>>10468211I never liked this explanation. To someone uninitiated, it seems like it presupposes that there is an objective truth value to every statement. It's confusing, because it doesn't seem obvious a priori whether something like the Continuum Hypothesis should be true or not.
IMO, a better way to explain it:
"For certain sets of axioms (recursively enumerable, first order systems capable of modelling the natural numbers) there exists a statement that is true in some models and false in some (if the system is consistent)".
Just to give some intuition, here's a dumb example of what it means for a statement to be "true in some models and false in some". Note that it's not actually connected to Gödel.
Given the axioms of a ring(
https://en.wikipedia.org/wiki/Ring_(mathematics)#Definition), does there exist an element x such that x^2=-1? The answer is clearly, it depends. In the complex numbers it's true, but it's false in the reals, for example.
So we have at least one model where the statement is true, and at least one where the statement is false. So clearly, the statement is not provable from the axioms of a ring.
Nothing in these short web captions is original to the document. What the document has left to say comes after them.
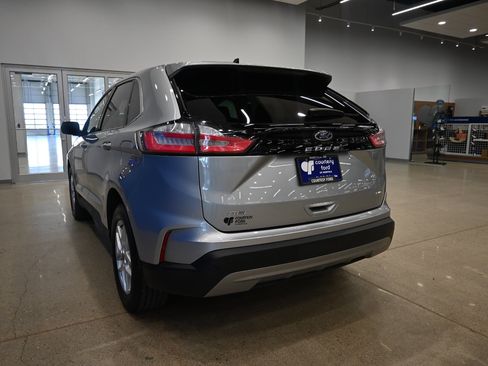 Certified 2024 Ford Edge SEL image 6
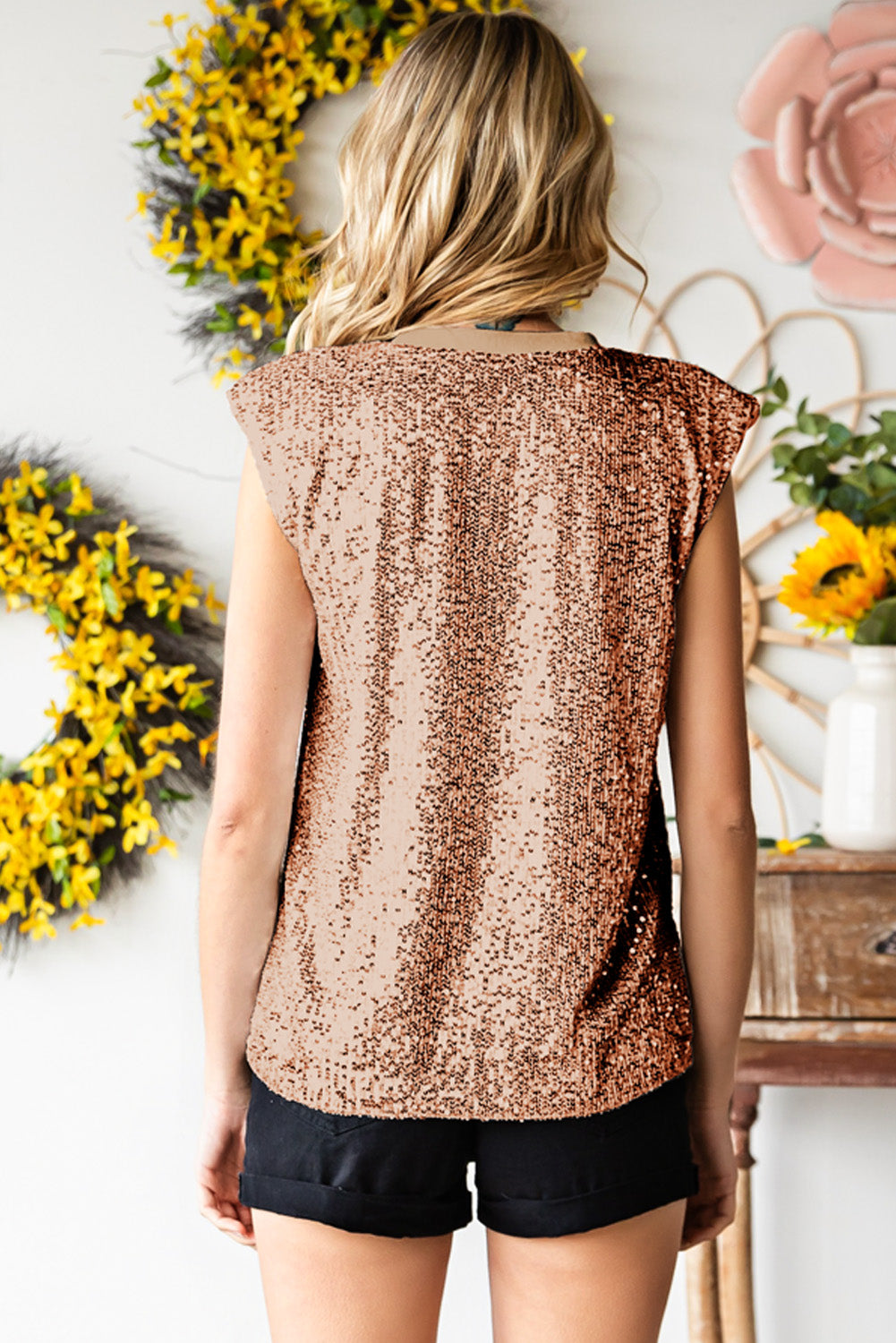 sequin round neck capped sleeve tank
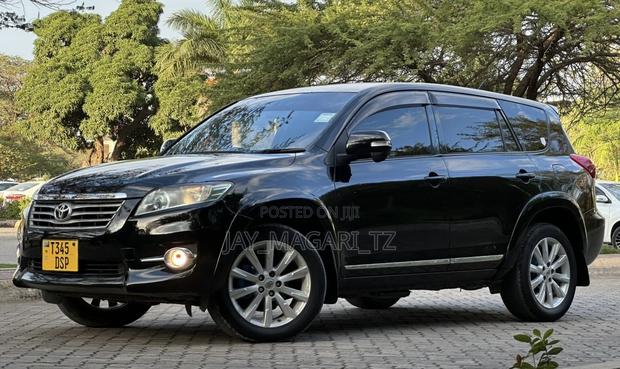 Toyota Vanguard 2011 Black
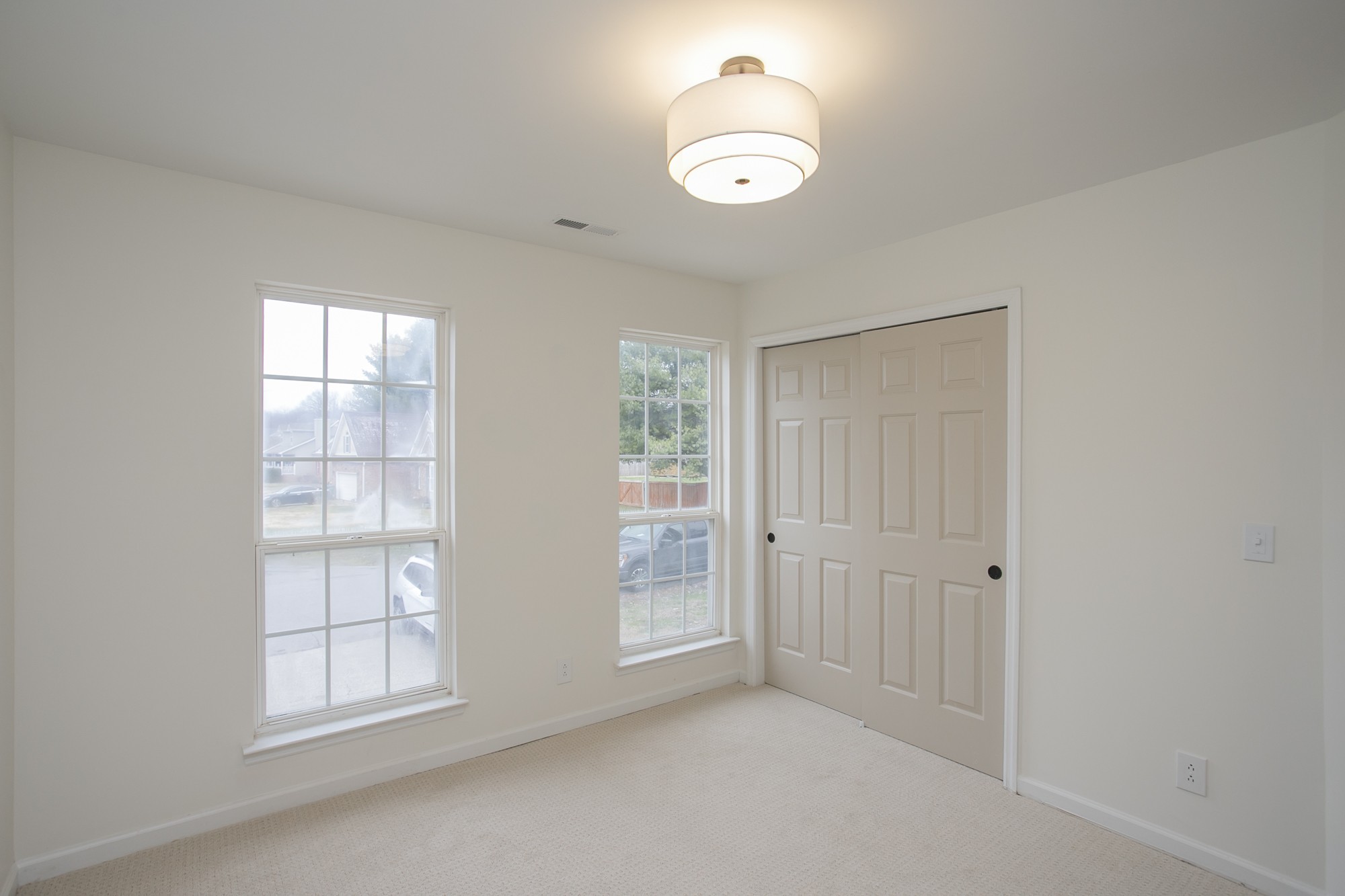 Spring Hill, Tennessee 37174, United States, 5 Bedrooms Bedrooms, ,3 BathroomsBathrooms,Residential,Pending,17368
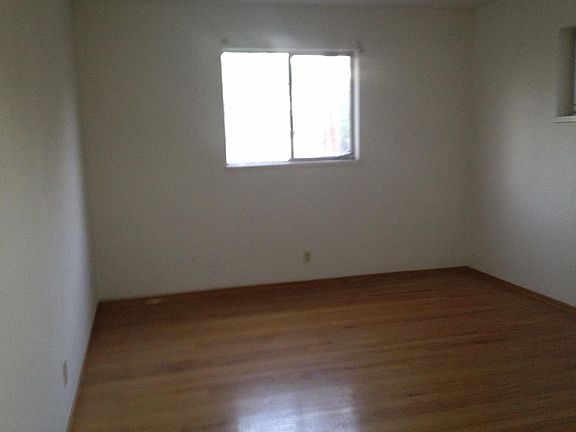 3rd image of 424 W Pardee Ln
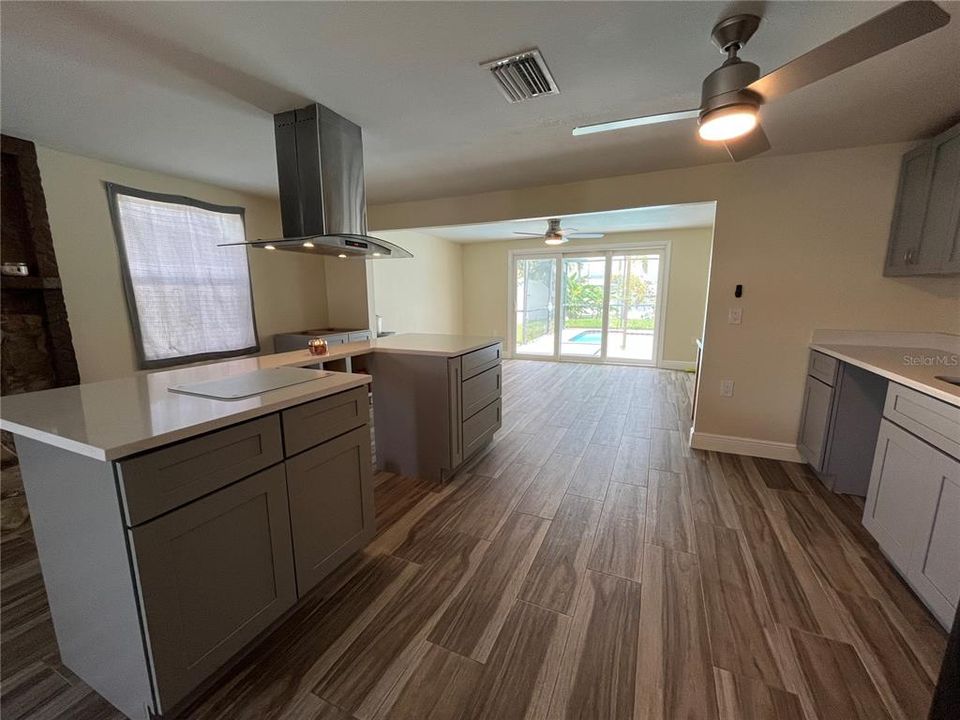 待售: $440,000 (3 贝兹, 2 浴室, 1444 平方英尺)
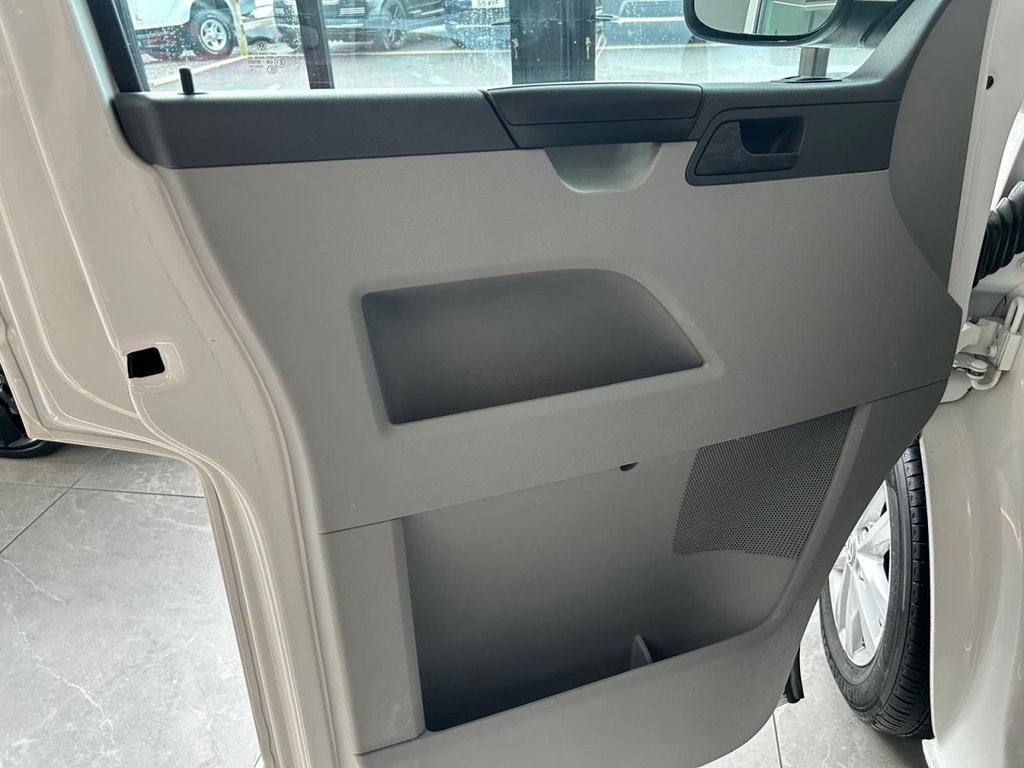 Used Volkswagen Transporter 2015 for sale - 77627392: Photo 41
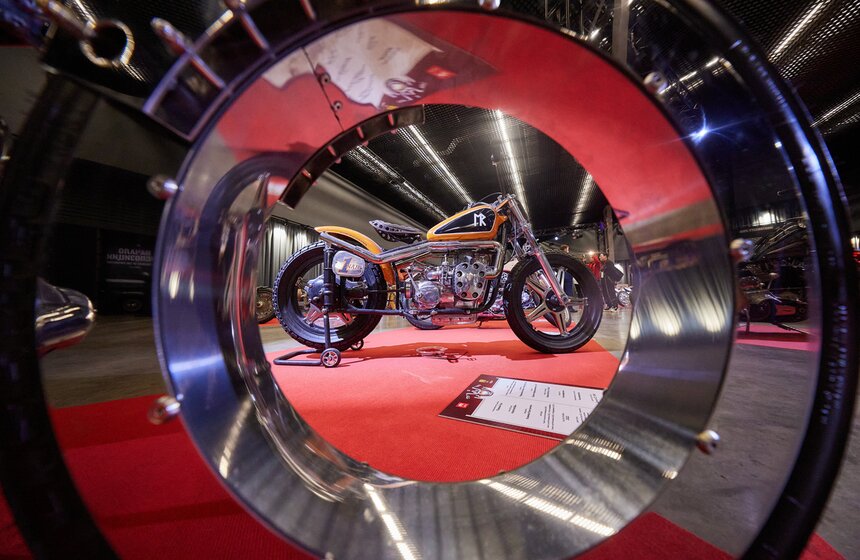 Выставка "Кастом особого назначения" проходит на ВДНХ 9 фото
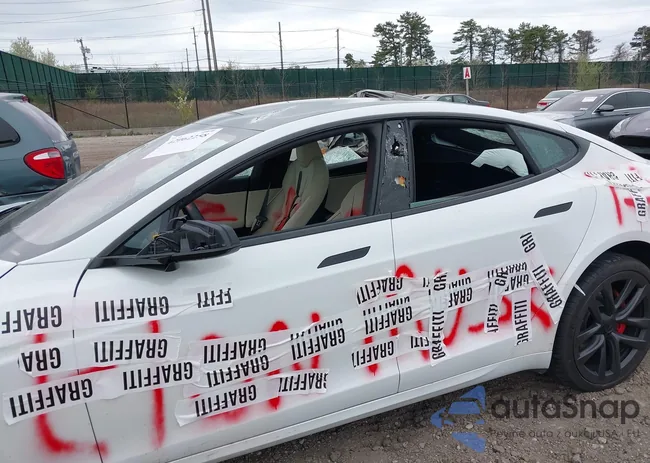 5YJSA1E68PF507197: 42062258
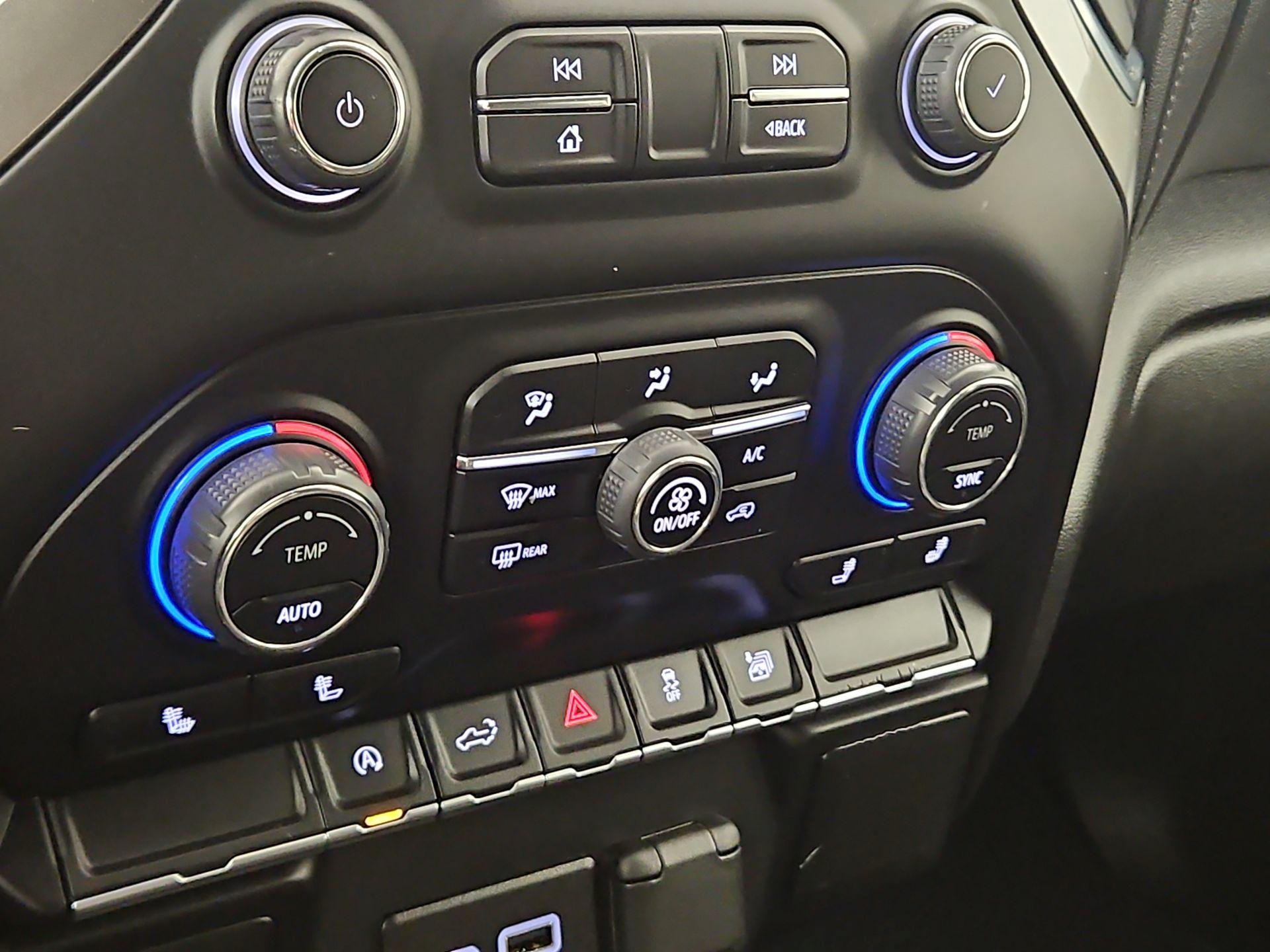 Thumbnail: 2022 Chevrolet Silverado 1500 - 16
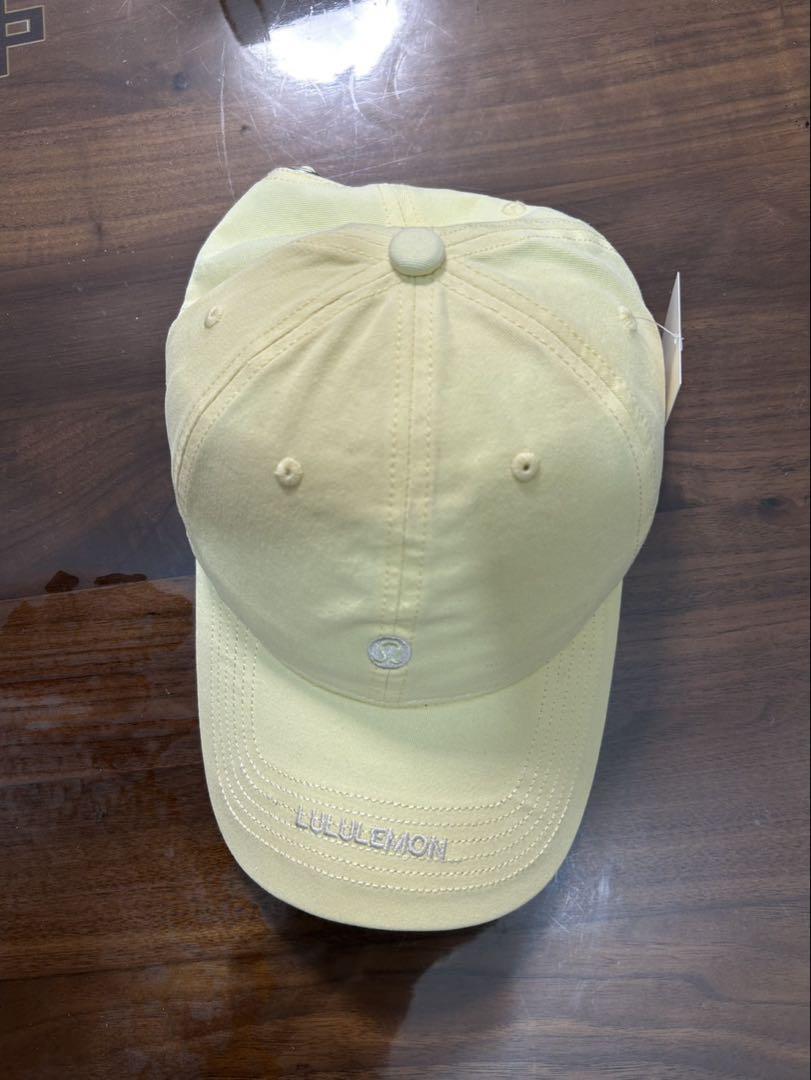 lululemon 淡い黄色キャップ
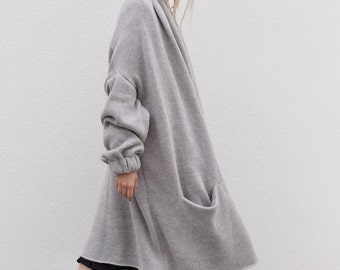 oversized sweater, oversized knit, oversized knit sweater, oversized cardigan, knit cardigan, oversized knitting, minimalist clothing,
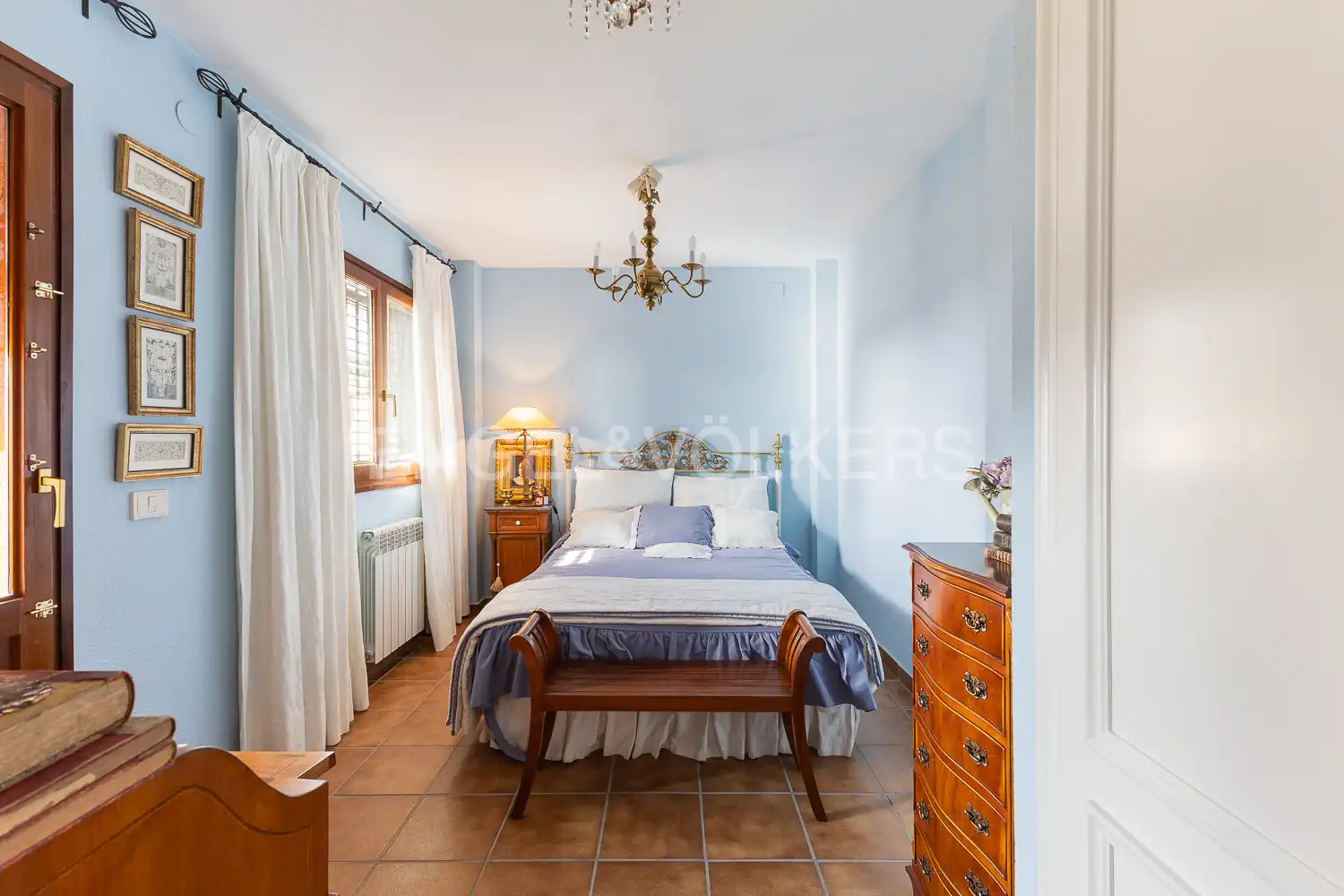 Habitación de Casa adosada en venta en Viver con Calefacción, Terraza y Amueblado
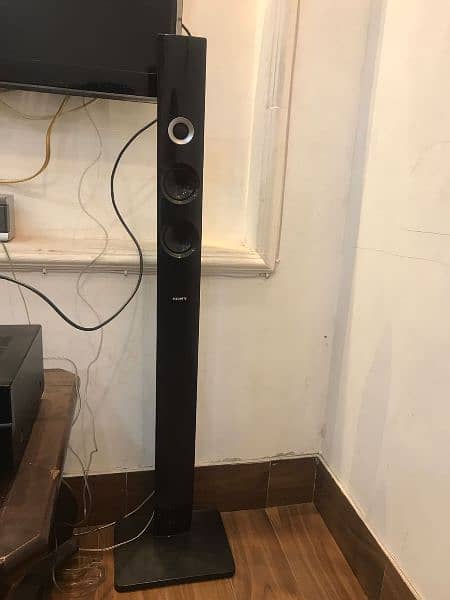 speakers Sony full set and Panasonic Yamaha RXV-371 5.1 channels 8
What Gödel's theorem says is that for "sufficiently powerful axioms" there are always, inevitable, statements like that (assuming consistency).
An inconsistent system, on the other hand, is a system capable of both proving and disproving (simultaneously) every statement you can possibly form. So it's completely useless.
I also want to mention Gödel's completeness theorem, another theorem of Gödel which is just as important but not mentioned as much. What Gödel's completeness theorem states is that the statements provable from a set of axioms are PRECISELY the statements that are true in EVERY model.